Polysorbate 60 is an ingredient found in Twinkies that has raised questions as to whether they are vegan or not. It is a type of emulsifier and its primary purpose is to help keep the filling stay creamy without using extra fat. Unfortunately, Polysorbate 60 typically contains animal-derived products so it would not be considered vegan-friendly.
Mono & Diglycerides
Mono and diglycerides help extend Twinkies’ shelf life so that they don’t go bad within a short time. They also help improve their texture and create a lighter crumb structure.
For people who consider these ingredients to be non-vegan, the presence of mono and diglycerides means that, technically, Twinkies would not qualify as vegan snacks.
Soy Protein Isolate
Soy protein isolate is a form of soybean that retains the protein but has no other nutritional content. It is primarily used as a binding agent for baked goods.
Sorbic acid is a preservative that keeps cakes from growing mold.
This ingredient is an alternative to fat, making the filling creamy and smooth.
This ingredient is mainly used to enhance the appearance and taste of the cake.
Sodium Stearoyl Lactylate
Sodium stearoyl lactylate is used in Twinkies to give the dough more strength, and also for emulsifying oils and liquids. Additionally, it can take the place of a small portion of sugar and fat.
As you might be aware, Twinkies contain beef fat which is not vegan-friendly and acts as a preservative in order to give it longer shelf life.
Are Twinkies Good For You?
Though some studies may claim that Twinkies could be healthy for you compared to energy bars, the truth is that Twinkies still contain a high amount of fat and sugar—so they are not ideal if you are overweight or obese.
One Twinkie contains roughly 135 calories, and when you look at its list of ingredients, you’ll find more than 30 ingredients, a majority of which most people likely can’t identify.
These include corn syrup, wheat flour, sugar, hydrogenated vegetable oil, canola oil, cottonseed oil, and beef oil. This combination of unhealthy ingredients makes the Twinkie far from the best option out there when it comes to nutritional value.
Though the low fat and calorie count might make them tempting for dieters in a pinch, these treats should not be considered part of one’s regular diet—especially if weight loss is your goal. If you decide to give in every once in a while, just keep it as an occasional treat.
If you’re following a vegan diet and looking for something that tastes like Twinkies, there may not be a lot of vegan-friendly snacks. However, it’s possible to bake your own vegan-friendly version of Twinkies.

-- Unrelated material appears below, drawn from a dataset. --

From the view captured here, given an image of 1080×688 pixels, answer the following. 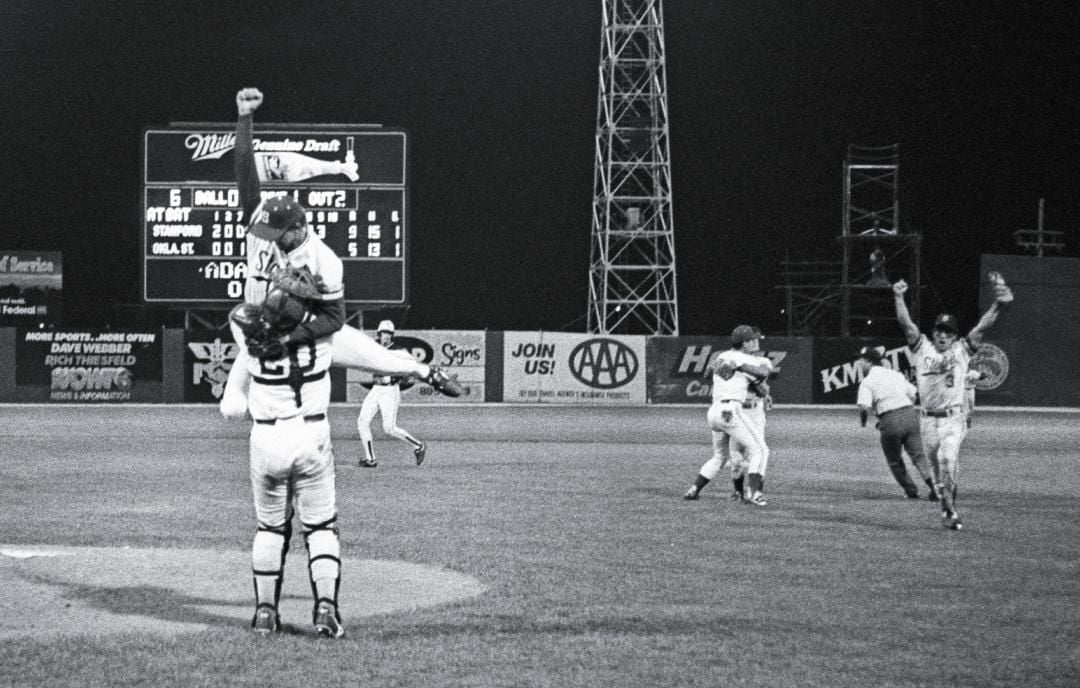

The benefit of making your own Twinkies is that you can avoid the non-vegan ingredients such as beef fat and egg found in store-bought Twinkies. Plus, you can customize the flavor by adding your own touches to the recipe. You can use plant-based dairy alternatives or different kinds of fruit extract to make various flavors.
Making your own vegan Twinkies also gives you more control over the ingredients so that you can be sure they are all cruelty-free and sustainable. There are plenty of delicious vegan recipes available online, so try out different ones and see which one fits best with your taste.
With homemade vegan Twinkies, you won’t have to sacrifice flavor and will still support a cruelty-free lifestyle!
When it comes to Twinkies, the answer is clear they are not suitable for someone who follows a strict vegan diet. Since beef fat and egg are included in their ingredients, vegans should avoid eating them.
However, there are still many vegan snacks available that are just as tasty as Twinkies! It’s important to always do the required research when shopping for groceries and double-check labels so you can maintain your vegan lifestyle without having to sacrifice taste.
Hey'all I'm Amy, a born foodie and diagnosed with celiac disease 7 years ago. I refused to cave into tasteless, boring gulten free food and create my own!
On my blog you'll find info & cool facts along with recipes, all on gluten free foods!